Re:That's nothing, think of DRM (Score:3, Informative)
I think that was the point behind "depending on how you define American" -- the GP was referring to the urbanized cultures of Mexico, Central and South America that had writing systems that they were forced to give up along with the rest of their culture.
Re:They could try harder (Score:3, Informative)
Sorry to spoil the fun (VXA tape format) (Score:3, Informative)
I know I'm offtopic, injecting facts into this debate, but I thought it might be interesting to bring up the VXA tape format. It allegedly survives all kinds of abuse like freezing, see Freezing Test [exabyte.com]
I have never tried these drives, and would love to hear from someone independent who has.
Re:1% = Total Loss? (Score:4, Informative)
Re:It's the messanger, not the message (Score:3, Informative)
It depends on the content as well. Content that is inherently analog tends to be more 'robust' in analog form. For instance, in the military they say [wired.com], "A computer with a bullet in it is just a paperweight. A map with a bullet in it is still a map."
Re:That's nothing, think of DRM (Score:3, Informative)
Best summed up by Chief Seattle, in 1854: "This we know: the earth does not belong to man, man belongs to the earth. All things are connected like the blood that unites us all. Man did not weave the web of life, he is merely a strand in it.

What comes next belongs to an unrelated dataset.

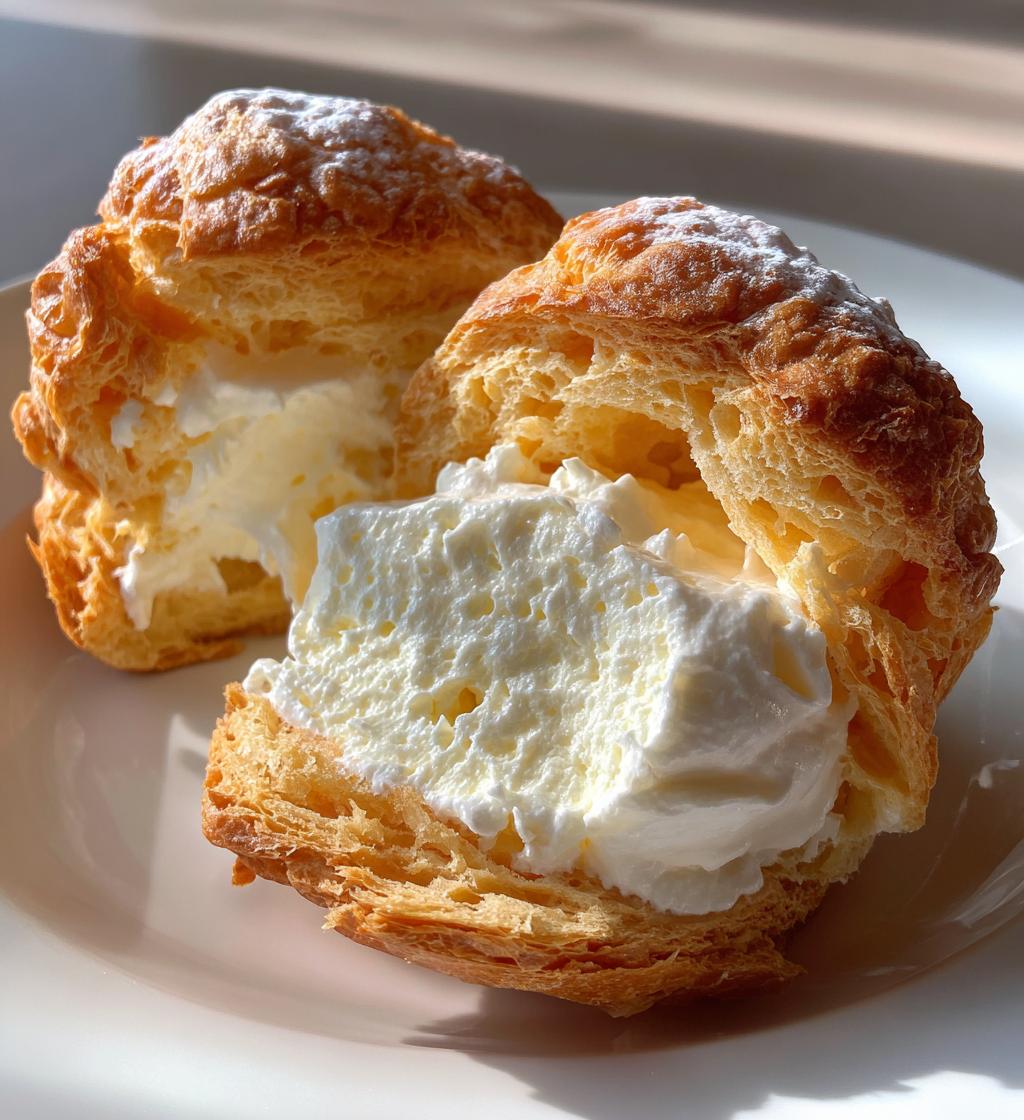 easy cream puff cake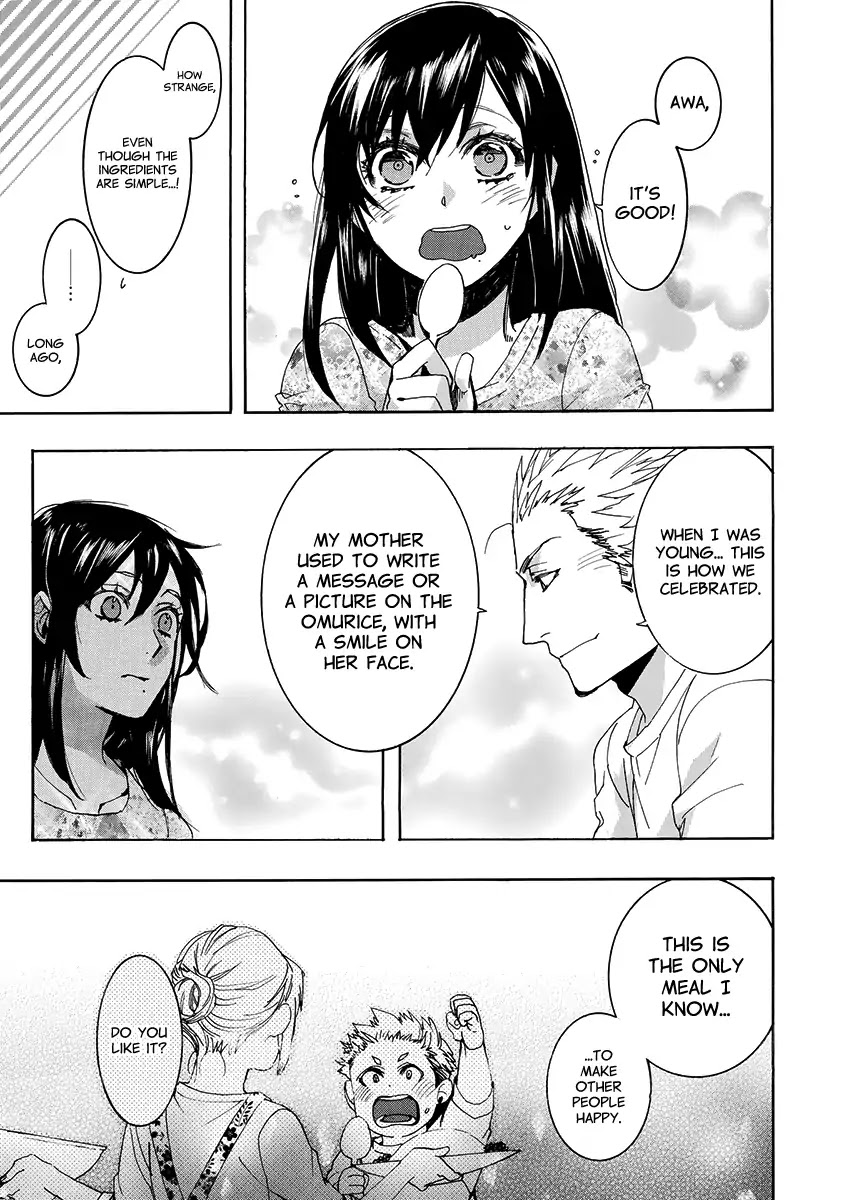 Amatsuki Chapter 145 page 22 - Chapter 145: A Cuckoo, Singing To The Moon (Part 48)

Whatever he does to the web, he does to himself."
There was life before CDs. (Score:3, Informative)
Erm
There are terabytes (quite literally tons) of data sitting around on everything from old 7- and 9-track 1/2" open reel tape, to old 8" and 5-1/4" floppies, and other formats that are basically dead. [I'm not familiar with anything older than that, but I'm sure there are some real greybeards around that could enlighten you as to what came after punchcards but before the vac-column tape drives.] The only saving grace of those formats is that if you can find a reader, there's a chance it might either still work, or could be made to work, if you could find a compatible computer to interface it to (because the machines themselves were built pretty well; they were still viewed as industrial equipment of a sort, rather than consumer electronics). But the expense of doing that would be enormous -- the people who know how to maintain, and increasingly to operate, those things are retiring and becoming hard to find.
And analog formats aren't exactly immune, either. Where I used to work, we had several boxes of old video recordings on 2" quad [wikipedia.org] that we were storing for preservation purposes, but couldn't afford to have transferred to another medium (despite the obvious: that the longer you wait, the more expensive it's going to get if you ever do really want it). That format was used for over 20 years; there's got to be thousands of hours of it sitting around.

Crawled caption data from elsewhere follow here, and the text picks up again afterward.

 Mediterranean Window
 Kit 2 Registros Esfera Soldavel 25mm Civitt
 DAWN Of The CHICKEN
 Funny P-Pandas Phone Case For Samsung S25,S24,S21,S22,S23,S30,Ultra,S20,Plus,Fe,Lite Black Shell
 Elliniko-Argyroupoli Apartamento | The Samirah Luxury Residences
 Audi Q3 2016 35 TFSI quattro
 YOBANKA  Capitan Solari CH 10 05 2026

Even if you define 'mainstream' to be something that an average person could afford, CDs certainly weren't first; lots of people had PCs with various types of digital storage.
But to only focus on 'mainstream' formats misses the point entirely. Stuff that's been distributed out to millions of people isn't what's at risk of disappearing; it's the original source material (think NASA's Apollo videos), or information that's naturally stored in big 'silos' (think public records) that's really at risk, and those have been stored in a plethora of formats, digital and analog, over the past 50-75 years, which are difficult to work with today.